[[ Data under study open ]]

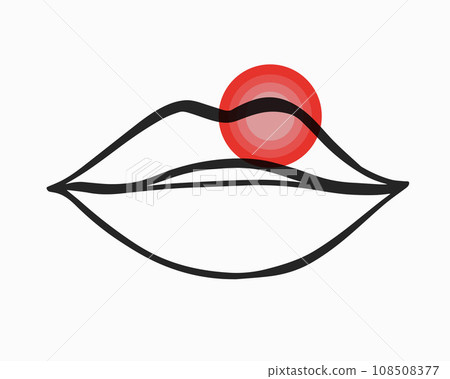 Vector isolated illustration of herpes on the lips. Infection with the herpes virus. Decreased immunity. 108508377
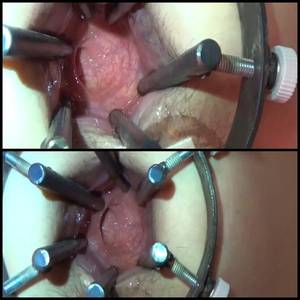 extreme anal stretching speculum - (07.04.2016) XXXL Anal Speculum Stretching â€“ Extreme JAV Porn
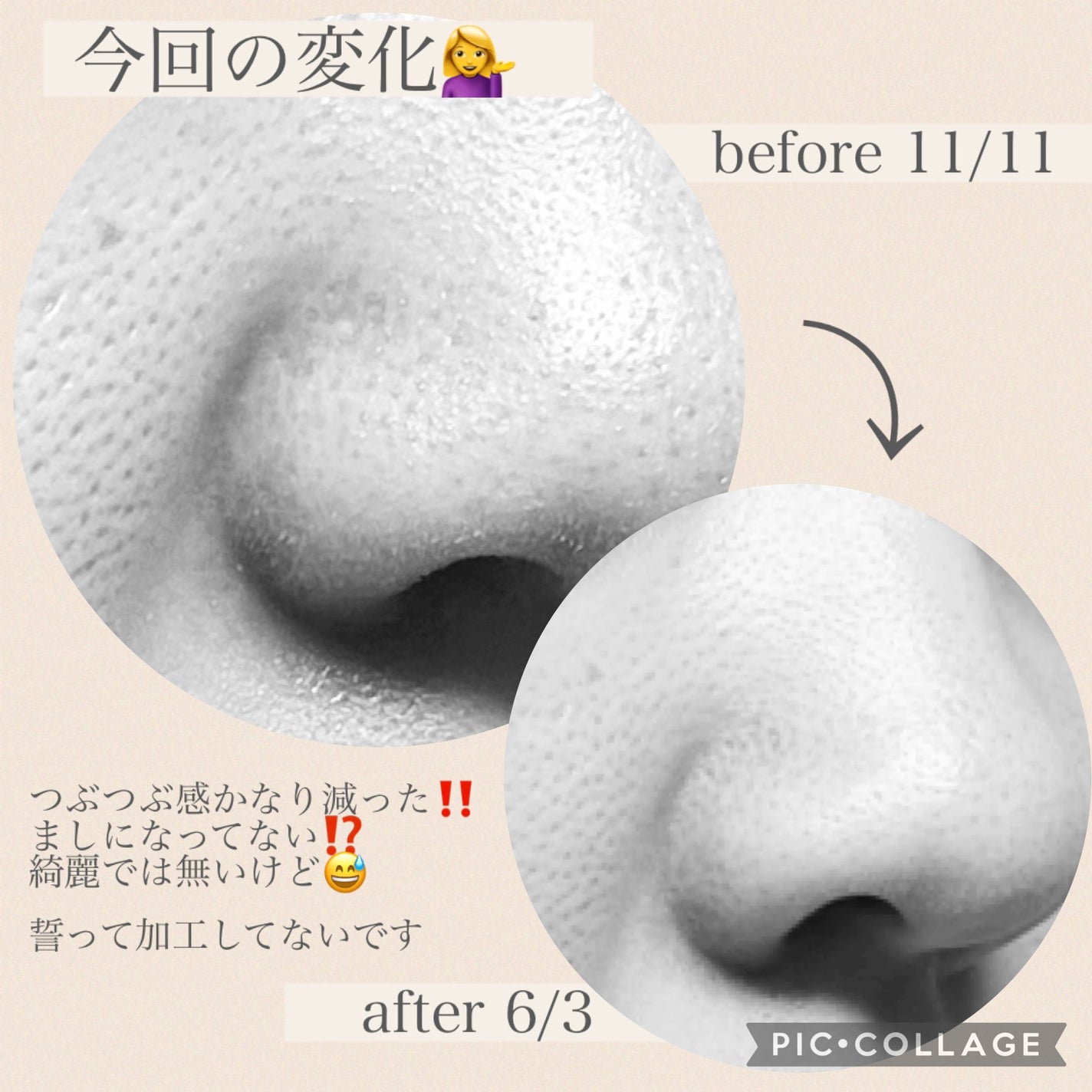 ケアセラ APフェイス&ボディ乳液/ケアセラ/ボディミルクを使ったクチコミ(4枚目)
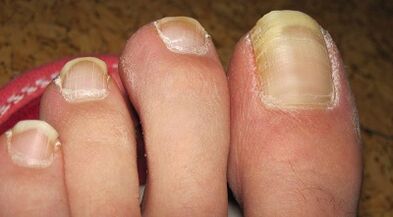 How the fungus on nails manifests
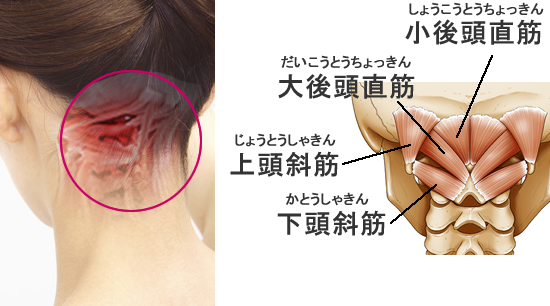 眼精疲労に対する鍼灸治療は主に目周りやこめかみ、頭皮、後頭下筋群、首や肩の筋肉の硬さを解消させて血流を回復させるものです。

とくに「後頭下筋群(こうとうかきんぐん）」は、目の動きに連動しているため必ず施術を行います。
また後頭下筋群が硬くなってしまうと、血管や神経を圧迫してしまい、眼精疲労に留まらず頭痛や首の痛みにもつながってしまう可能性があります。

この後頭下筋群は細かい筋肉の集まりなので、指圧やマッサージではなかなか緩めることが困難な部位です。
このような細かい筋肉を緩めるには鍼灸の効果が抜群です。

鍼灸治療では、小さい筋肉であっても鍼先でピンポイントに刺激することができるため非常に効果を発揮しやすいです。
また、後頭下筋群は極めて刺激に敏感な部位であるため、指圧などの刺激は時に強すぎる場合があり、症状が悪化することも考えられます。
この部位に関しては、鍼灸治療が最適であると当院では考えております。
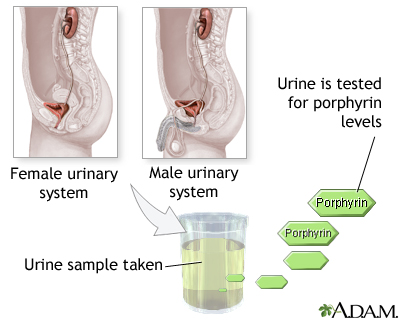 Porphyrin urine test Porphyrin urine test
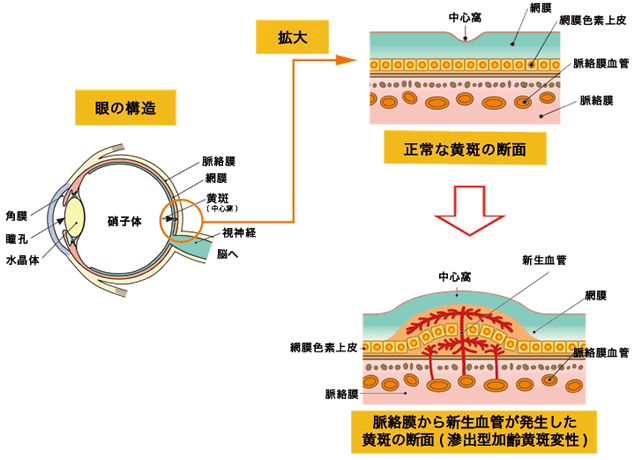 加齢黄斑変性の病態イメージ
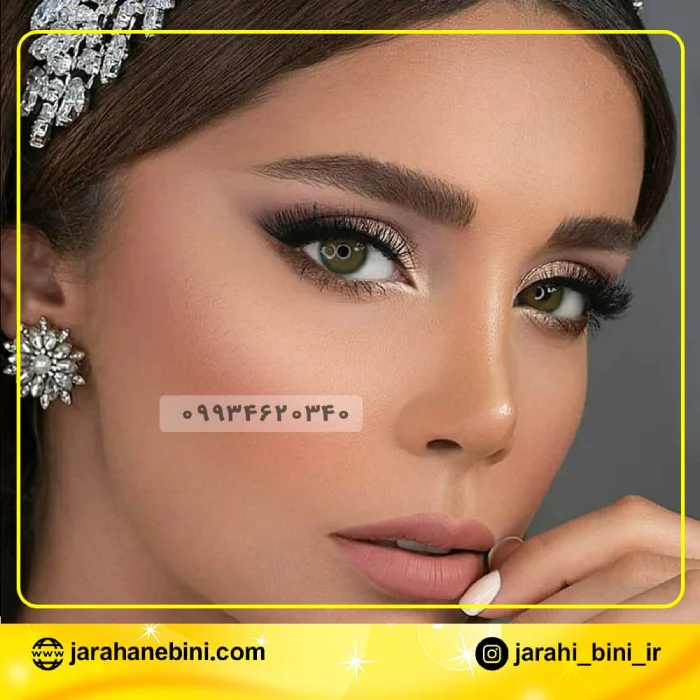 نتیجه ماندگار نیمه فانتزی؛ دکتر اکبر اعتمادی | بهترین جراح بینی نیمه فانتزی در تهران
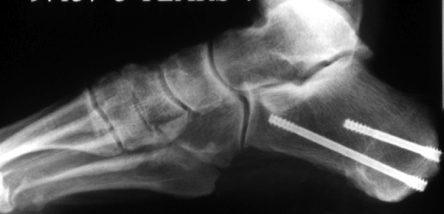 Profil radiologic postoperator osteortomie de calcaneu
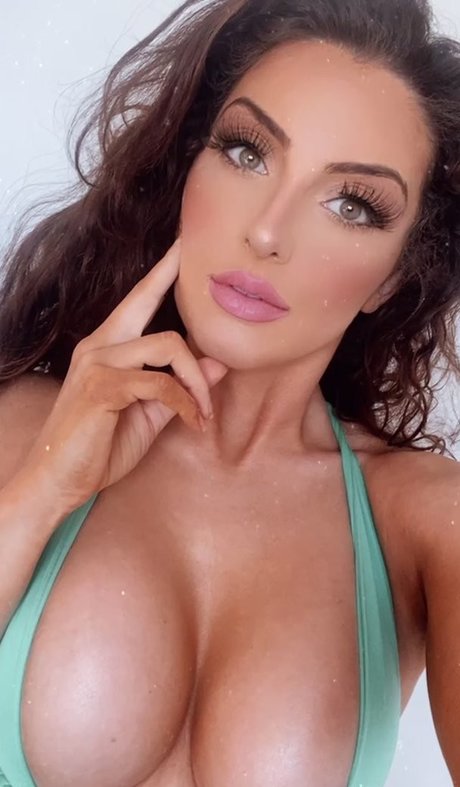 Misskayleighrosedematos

[[ Data under study closed ]]
[[ Data under study open ]]

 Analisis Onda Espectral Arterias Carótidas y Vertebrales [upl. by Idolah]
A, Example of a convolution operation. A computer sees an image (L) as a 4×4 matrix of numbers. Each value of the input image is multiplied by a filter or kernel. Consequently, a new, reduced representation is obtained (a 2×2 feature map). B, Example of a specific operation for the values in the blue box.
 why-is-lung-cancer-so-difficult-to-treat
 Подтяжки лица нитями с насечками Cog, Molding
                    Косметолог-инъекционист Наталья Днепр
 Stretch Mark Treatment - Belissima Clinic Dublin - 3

[[ Data under study closed ]]
[[ Data under study open ]]

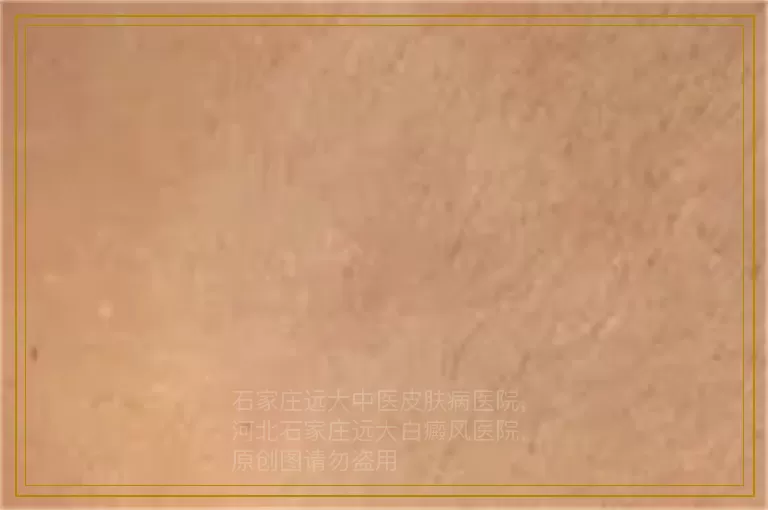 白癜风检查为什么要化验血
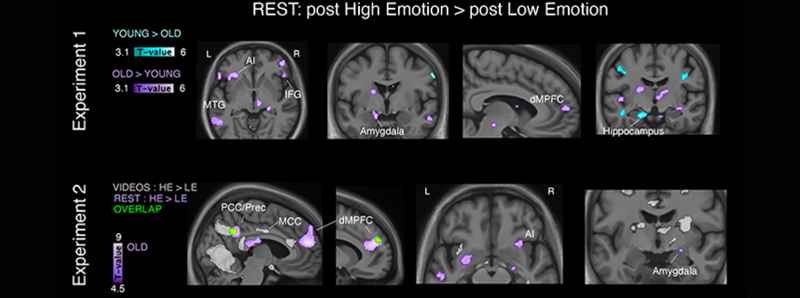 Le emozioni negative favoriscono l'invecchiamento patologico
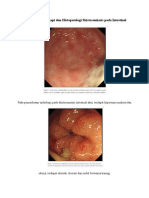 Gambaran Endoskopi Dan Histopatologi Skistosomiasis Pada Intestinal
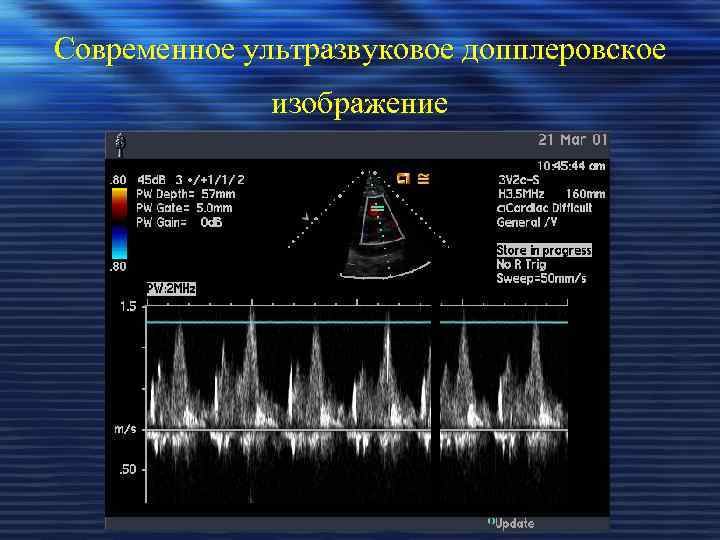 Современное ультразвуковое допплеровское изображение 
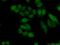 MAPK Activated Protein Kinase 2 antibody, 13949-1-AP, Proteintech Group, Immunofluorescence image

[[ Data under study closed ]]

* **Work instructions**: Would you please reproduce the entries above, starting at the line with "眼精疲労に対する鍼灸治療は主" and stopping after the line with "Misskayleighrosedematos"? Omit any pictures.

* **Result of this exercise**:
 眼精疲労に対する鍼灸治療は主に目周りやこめかみ、頭皮、後頭下筋群、首や肩の筋肉の硬さを解消させて血流を回復させるものです。

とくに「後頭下筋群(こうとうかきんぐん）」は、目の動きに連動しているため必ず施術を行います。
また後頭下筋群が硬くなってしまうと、血管や神経を圧迫してしまい、眼精疲労に留まらず頭痛や首の痛みにもつながってしまう可能性があります。

この後頭下筋群は細かい筋肉の集まりなので、指圧やマッサージではなかなか緩めることが困難な部位です。
このような細かい筋肉を緩めるには鍼灸の効果が抜群です。

鍼灸治療では、小さい筋肉であっても鍼先でピンポイントに刺激することができるため非常に効果を発揮しやすいです。
また、後頭下筋群は極めて刺激に敏感な部位であるため、指圧などの刺激は時に強すぎる場合があり、症状が悪化することも考えられます。
この部位に関しては、鍼灸治療が最適であると当院では考えております。
 Porphyrin urine test Porphyrin urine test
 加齢黄斑変性の病態イメージ
 نتیجه ماندگار نیمه فانتزی؛ دکتر اکبر اعتمادی | بهترین جراح بینی نیمه فانتزی در تهران
 Profil radiologic postoperator osteortomie de calcaneu
 Misskayleighrosedematos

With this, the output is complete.